» EXERCISE
Produce a word-for-word copy of the lines from the one that contains "Citroen Berlingo Sensor 9637466280" to the final line of the data below, with all pictures dropped.

» WORKING DATA
□ □ □ □ □ □ □

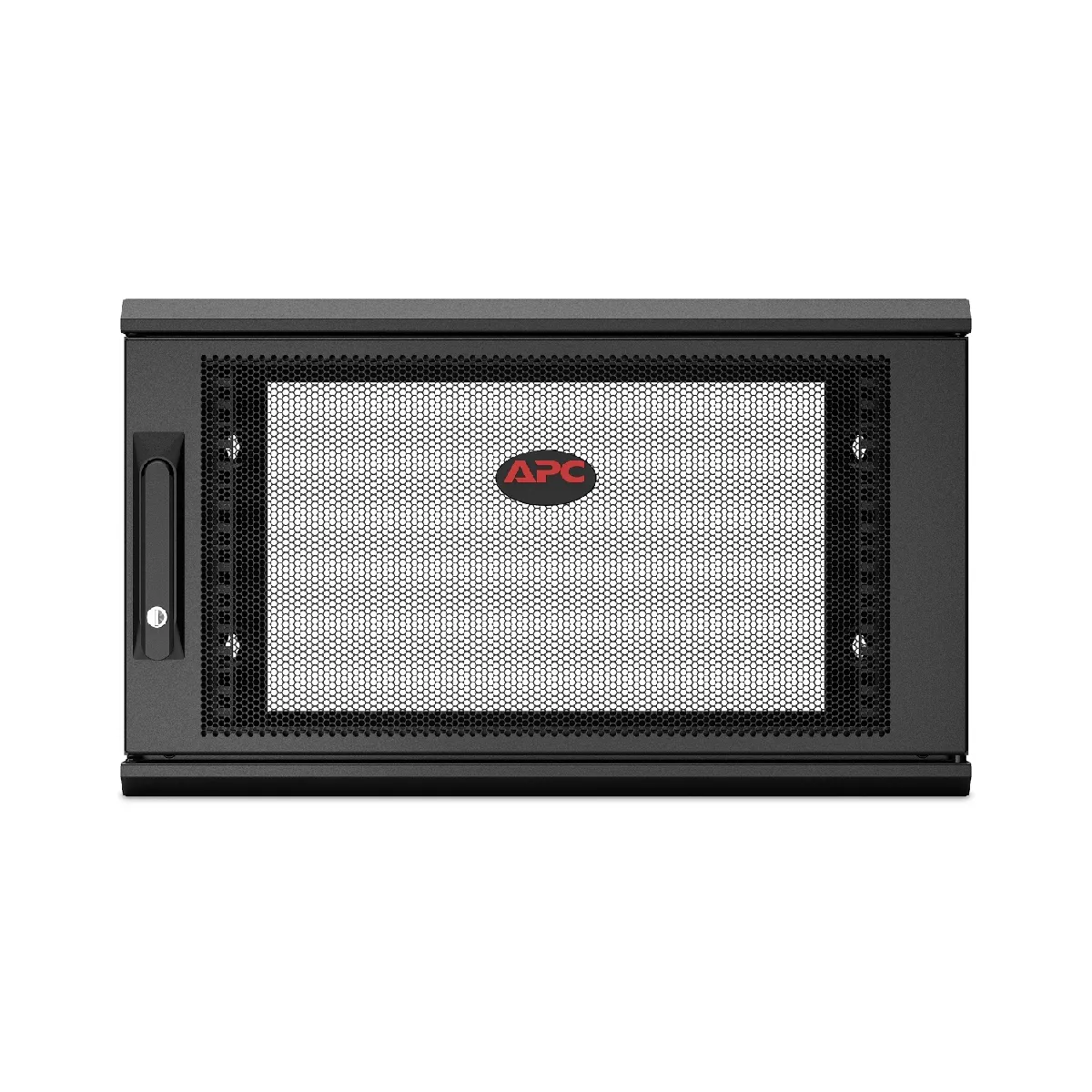 APC NetShelter WX 6U APC NetShelter WX 6U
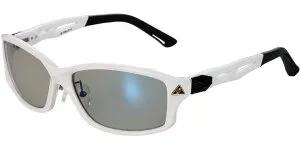 ジール オプティクス ゼクー ステルス ZEAL Zeque STELTH F-2266 トゥルービュースポーツ｜ブルーミラー｜TALEX 偏光グラス zeal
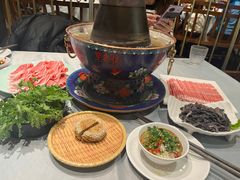 -东来顺饭庄(apm总店)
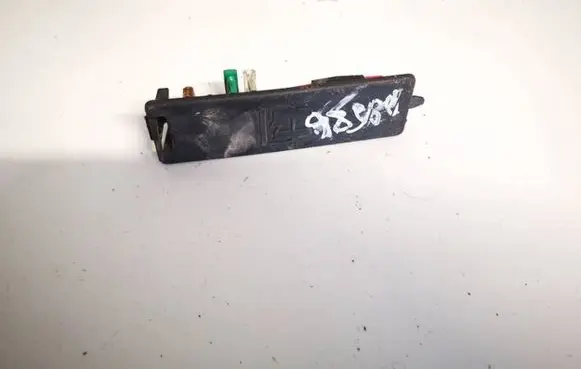 Citroen Berlingo Sensor 9637466280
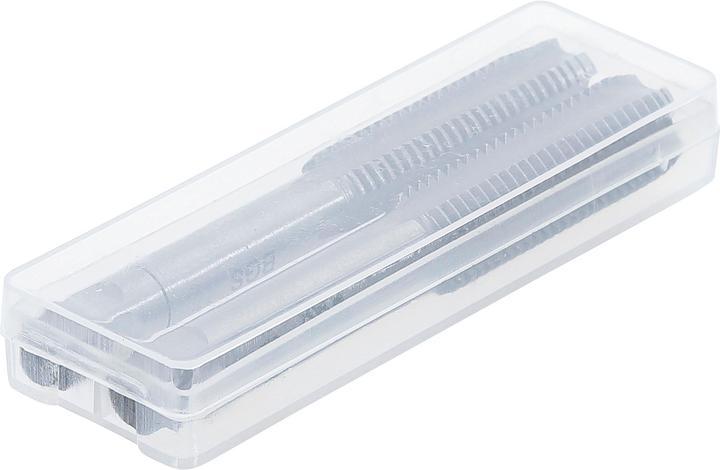 Actual product image BGS Tap Set Starter & Plug Tap M10 x 0.75 mm 2 pcs.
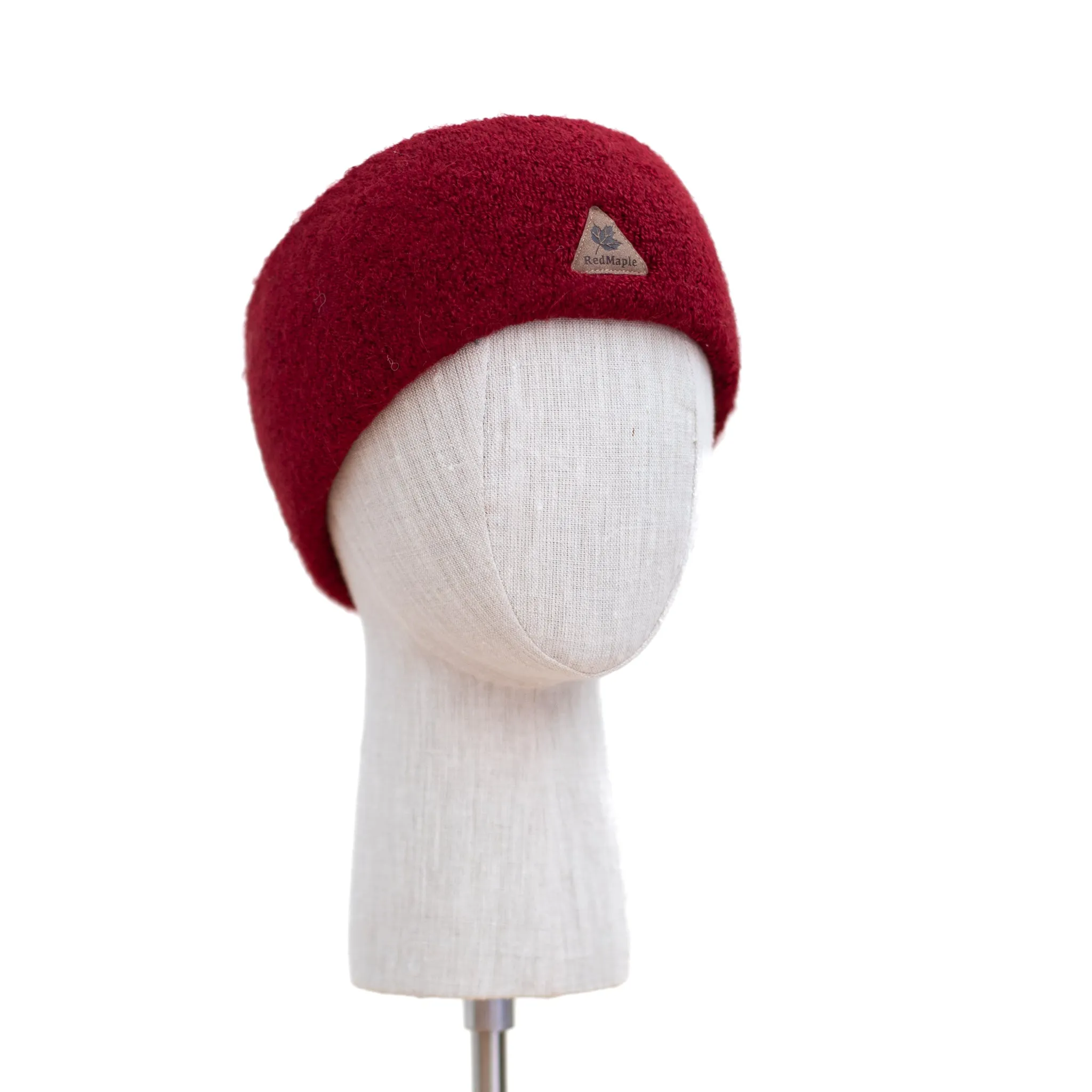 Alpaca Ski Headband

□ □ □ □ □ □ □

» THE ANSWER
 Citroen Berlingo Sensor 9637466280
 Actual product image BGS Tap Set Starter & Plug Tap M10 x 0.75 mm 2 pcs.
 Alpaca Ski Headband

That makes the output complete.